Your goal -
Would you print exactly the lines that begin the listing and continue through the line holding "Vector illustration of"? No pictures, please.

[Data]

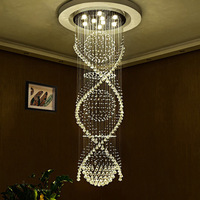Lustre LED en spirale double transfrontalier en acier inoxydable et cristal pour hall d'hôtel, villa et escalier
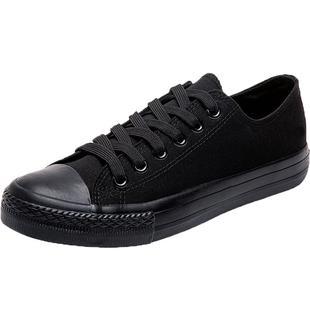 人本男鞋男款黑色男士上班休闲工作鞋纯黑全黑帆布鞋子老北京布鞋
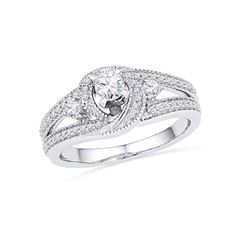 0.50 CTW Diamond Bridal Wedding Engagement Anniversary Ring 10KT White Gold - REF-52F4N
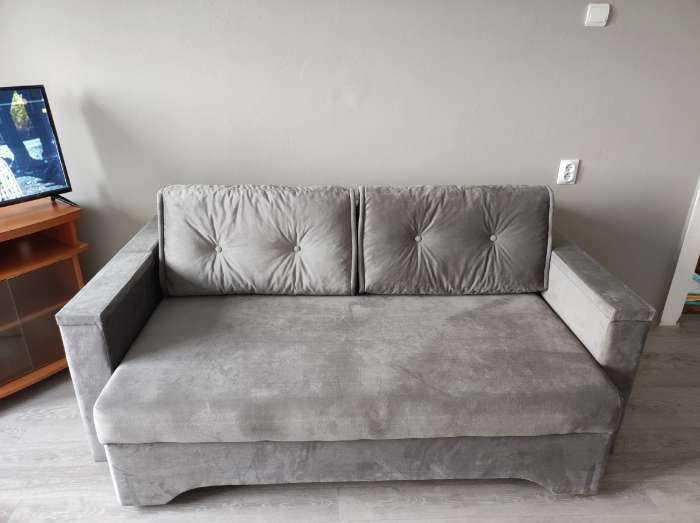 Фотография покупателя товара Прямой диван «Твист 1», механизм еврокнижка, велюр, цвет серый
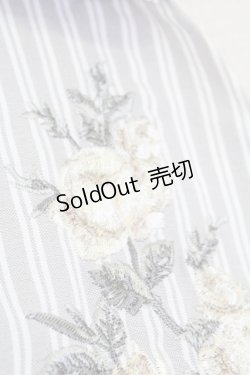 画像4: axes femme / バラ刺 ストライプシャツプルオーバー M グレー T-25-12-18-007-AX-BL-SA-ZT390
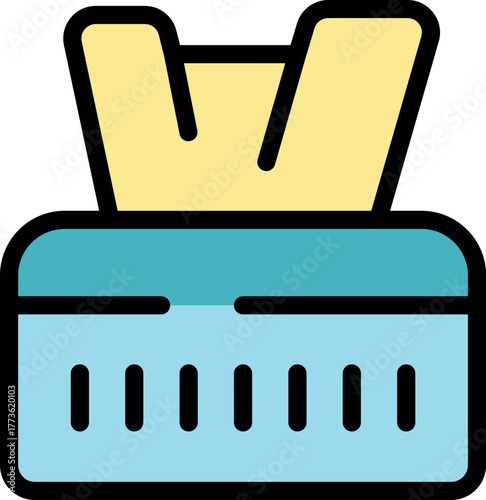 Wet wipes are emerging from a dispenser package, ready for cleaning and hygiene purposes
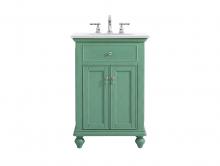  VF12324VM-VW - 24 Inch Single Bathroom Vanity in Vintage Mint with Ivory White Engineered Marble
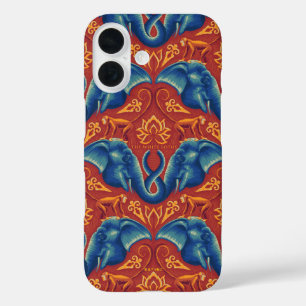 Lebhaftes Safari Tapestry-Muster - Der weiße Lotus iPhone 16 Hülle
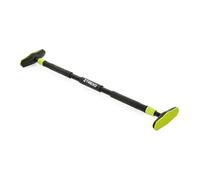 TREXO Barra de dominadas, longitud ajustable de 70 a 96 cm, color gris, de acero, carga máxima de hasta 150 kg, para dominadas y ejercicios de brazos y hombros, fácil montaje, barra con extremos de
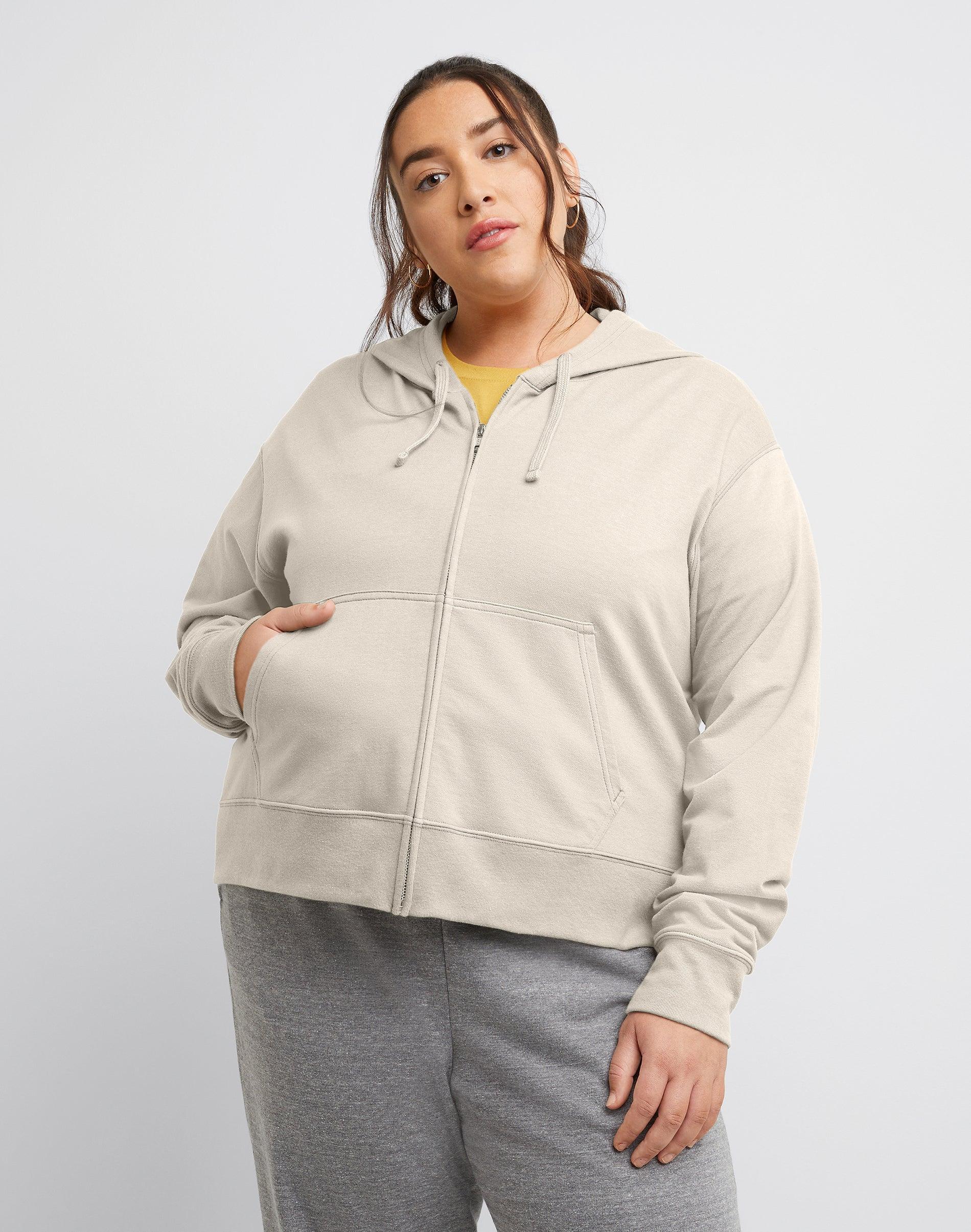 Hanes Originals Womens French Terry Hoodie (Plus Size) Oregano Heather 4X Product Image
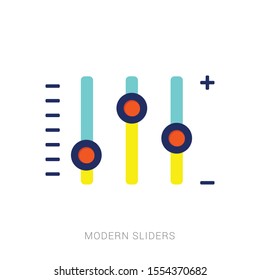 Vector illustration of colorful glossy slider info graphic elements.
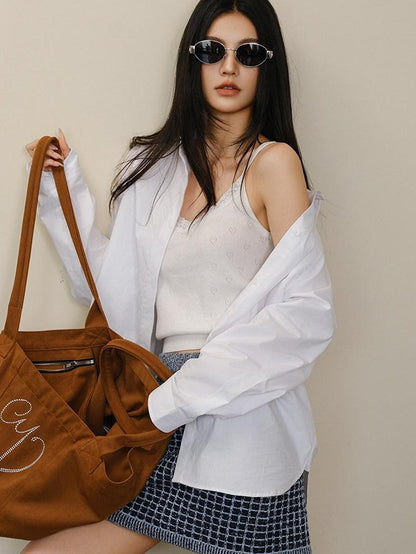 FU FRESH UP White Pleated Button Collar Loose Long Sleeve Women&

[/Data]

Exercise result -
Lustre LED en spirale double transfrontalier en acier inoxydable et cristal pour hall d'hôtel, villa et escalier
 人本男鞋男款黑色男士上班休闲工作鞋纯黑全黑帆布鞋子老北京布鞋
 0.50 CTW Diamond Bridal Wedding Engagement Anniversary Ring 10KT White Gold - REF-52F4N
 Фотография покупателя товара Прямой диван «Твист 1», механизм еврокнижка, велюр, цвет серый
 画像4: axes femme / バラ刺 ストライプシャツプルオーバー M グレー T-25-12-18-007-AX-BL-SA-ZT390
 Wet wipes are emerging from a dispenser package, ready for cleaning and hygiene purposes
  VF12324VM-VW - 24 Inch Single Bathroom Vanity in Vintage Mint with Ivory White Engineered Marble
 Lebhaftes Safari Tapestry-Muster - Der weiße Lotus iPhone 16 Hülle
 TREXO Barra de dominadas, longitud ajustable de 70 a 96 cm, color gris, de acero, carga máxima de hasta 150 kg, para dominadas y ejercicios de brazos y hombros, fácil montaje, barra con extremos de
 Hanes Originals Womens French Terry Hoodie (Plus Size) Oregano Heather 4X Product Image
 Vector illustration of colorful glossy slider info graphic elements.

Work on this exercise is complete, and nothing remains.